The most obvious thing that everyone I followed who shifted out of high conflict did was to distance themselves from the conflict entrepreneurs in their lives. First, figure out who those people or platforms are. Then put some distance between you and them, whether it’s changing who’s on your social media feed or which news outlets you listen to or subscribe to. People who use the language of war when there is no war, people who dehumanize others—at least notice who they are. And then also don’t assume that shaming or publicly embarrassing your opponents will work. 

A lot of people, when we hear talk about listening and empathizing across our political divide, think, “Here comes some false equivalence.” It’s fine to look for common ground when we’re talking about marginal tax rates or something.
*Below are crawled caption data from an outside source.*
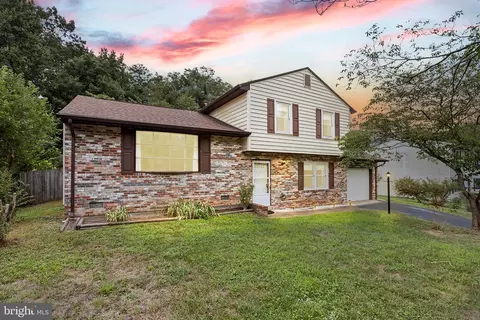 6 Hickory Ridge Dr, Fredericksburg, VA 22405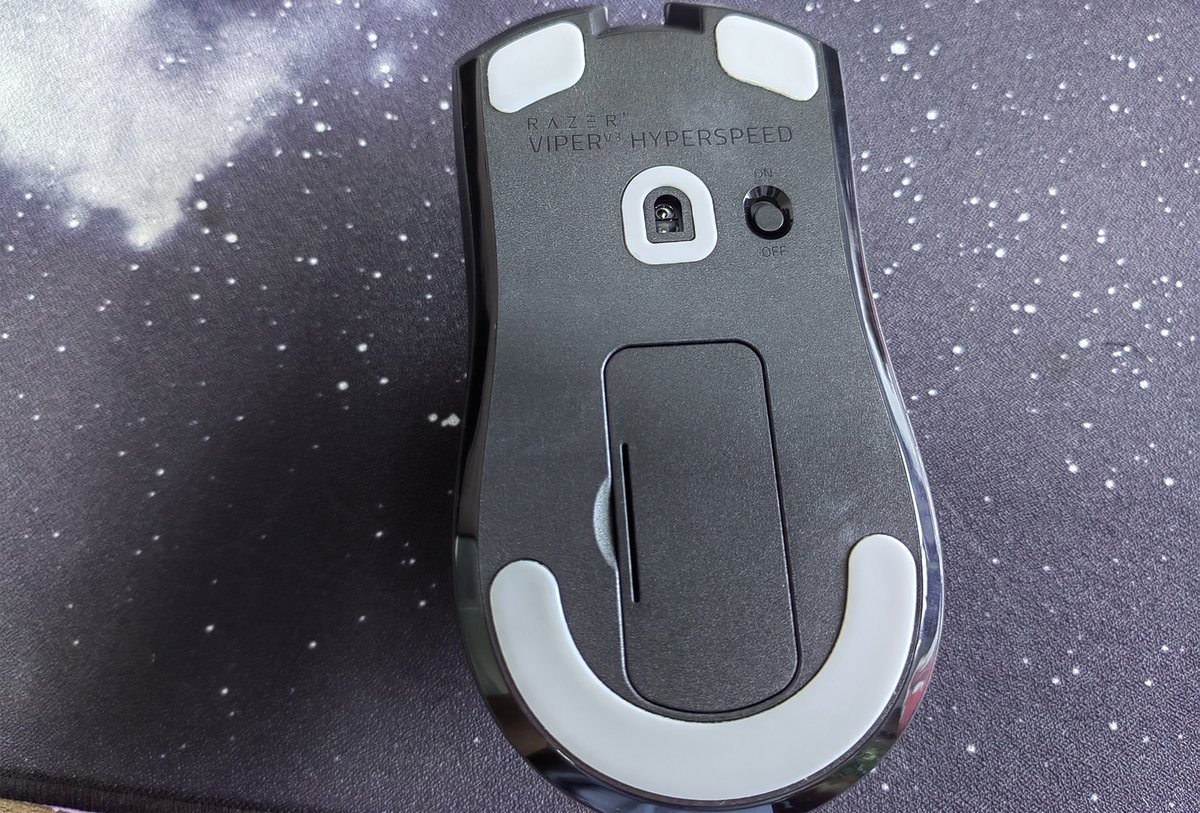 XraypadOfficial's tweet image. Shall we make the skates for Viper V3 Hyperspeed?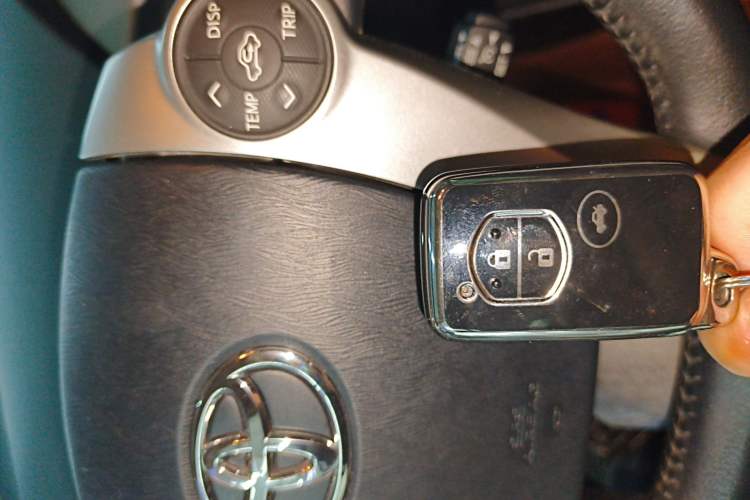 Used Toyota Prius 2012 1.8L Luxury Advanced Edition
But when there’s one political party that is trying to actively suppress votes and another side that isn’t, I don’t see a lot of middle ground there, either politically or morally.
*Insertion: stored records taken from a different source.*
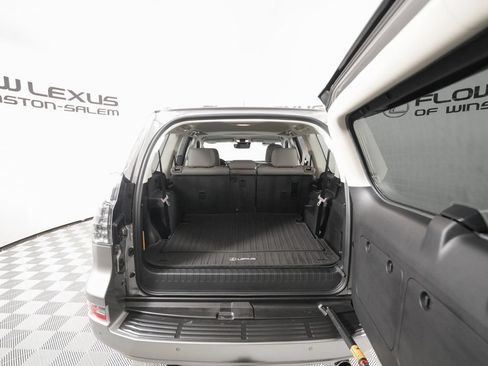 Certified 2021 Lexus GX 460 Premium w/ Premium Package AWD/4WD image 22
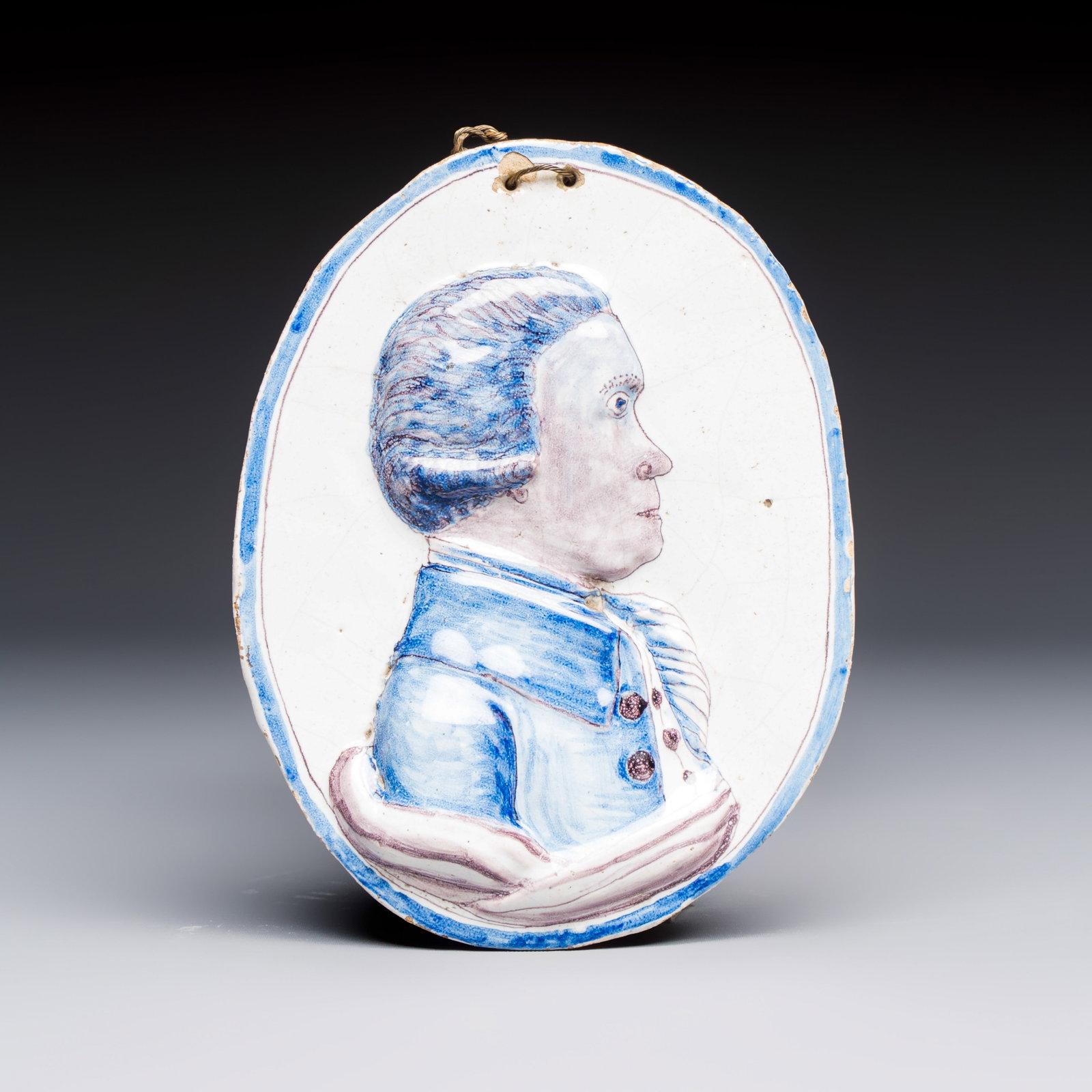 A blue, white and manganese Dutch or English Delftware portrait medallion, 18/19th C.: A blue, white and manganese Dutch or English Delftware portrait medallion, 18/19th C. Dim: 11,2 x 8,8 cm The reverse with the inventory number 10371. Ref.: A closely comparable example is in the Metro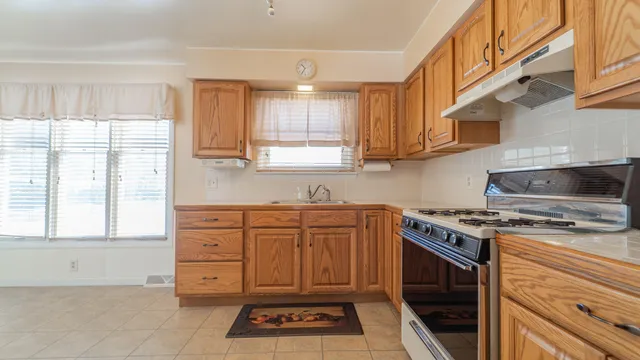 $374,900 | 9441 South State Line Road, Dyer, IN 46311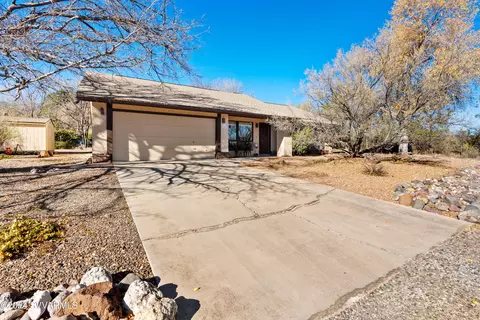 1402 Paradise Dr, Cottonwood, AZ 86326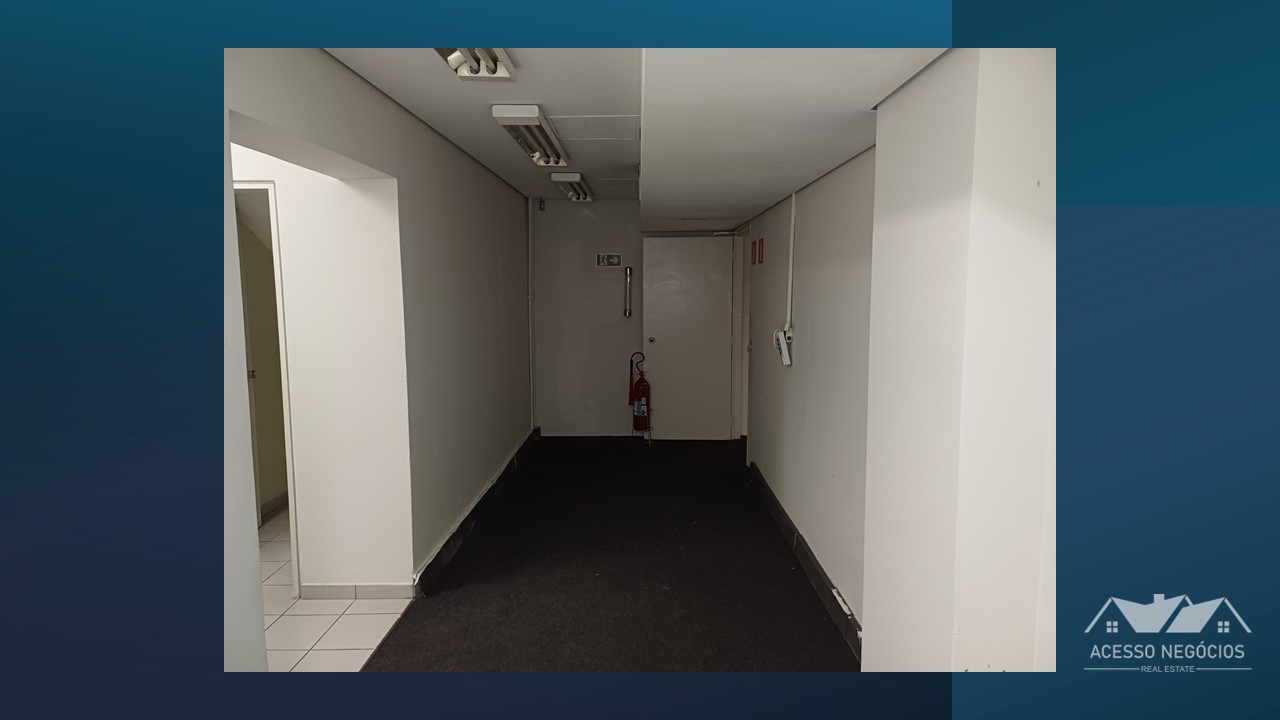 PONTO COMERCIAL MULTIUSO - 700 M²  - COM ELEVADOR  - 17 VAGAS - D913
I am less interested in common ground or compromise or unity, or even bipartisanship, than I am in good conflict. I’ve now seen this thing that is good conflict right in front of me so many times. I can tell you it is a real thing. We are capable of it. And you can disagree passionately. The difference is you are doing it with some dignity, with some grace. You don’t assume that you know everything about 150 million people. You just you cannot. Like, the spell of high conflict makes it feel as if we know.

Take January 6, for example. There weren’t 150 million of them—there were 1,500 of them, or whatever. Based on lies, they believe that the election was stolen. They seek for Congress to overturn the election. And when that doesn’t happen, they sack the Capitol. I don’t know where someone can steer that conversation into a good conflict, or even be curious and empathetic.
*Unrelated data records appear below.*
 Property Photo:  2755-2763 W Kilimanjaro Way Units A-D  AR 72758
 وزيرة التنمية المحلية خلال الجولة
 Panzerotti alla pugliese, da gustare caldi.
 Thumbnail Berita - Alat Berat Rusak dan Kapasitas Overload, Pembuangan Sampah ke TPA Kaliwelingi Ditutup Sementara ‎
I don’t see holding people accountable as mutually exclusive from good conflict. You can have fierce accountability, and even radical visions for change, and still not collapse into caricature and dehumanizing of your enemy. It sort of feels like there’s only two choices, right? It’s either surrender and give up what we know, or it’s continue to be at each other’s throats. And that’s the delusion of high conflict. 

So what would good conflict over voter suppression look like?

Trying to understand what’s really going on there. Like, what is it really about? You don’t have to take politicians at their word, but take regular people at their word when they say that they’re frightened. And dig down deep into that. Where did that come from? What was their experience voting? How do they know who to trust when they read about this? 

In history, it was possible to kind of police these extremes in the country, like William F. Buckley saying we will not have the John Birch Society as part of the Conservative movement. This seems really important, and seems like something technology has made impossible. 

Well, harder.

So how do you cast them out of that public square? 

I was just talking to [former Chicago gang leader who now works to reduce gang violence] Curtis Toller about this. The same thing is true in gang violence. There used to be rules of engagement. Like, you didn’t shoot someone when they were walking with their grandmother to church. It was still really violent and awful, but there were some rules. And that’s what they’re trying to get back to piece by piece. They call them non-aggression pacts. A lot of it has to do with social media—if they can get both sides to agree not to post anything defamatory on social media for the next month. So why couldn’t we do that with Congress, with politics, with pundits? I mean, we are asking young men who have lived insane amounts of trauma and violence to do it. It makes asking a politician do that seem like a much easier ask. I agree that those norms have been shed. And it’s harder to have those boundaries. But that’s the work we have to do. Put those boundaries and rules of engagement and decency back in place, including in social media. We are, with social media, where we were with cigarettes in 1952. That doesn’t mean you just give up. We have to get smarter about how we fight online, in person, on TV, on the radio, because we are family. We don’t like it, but we have kids together.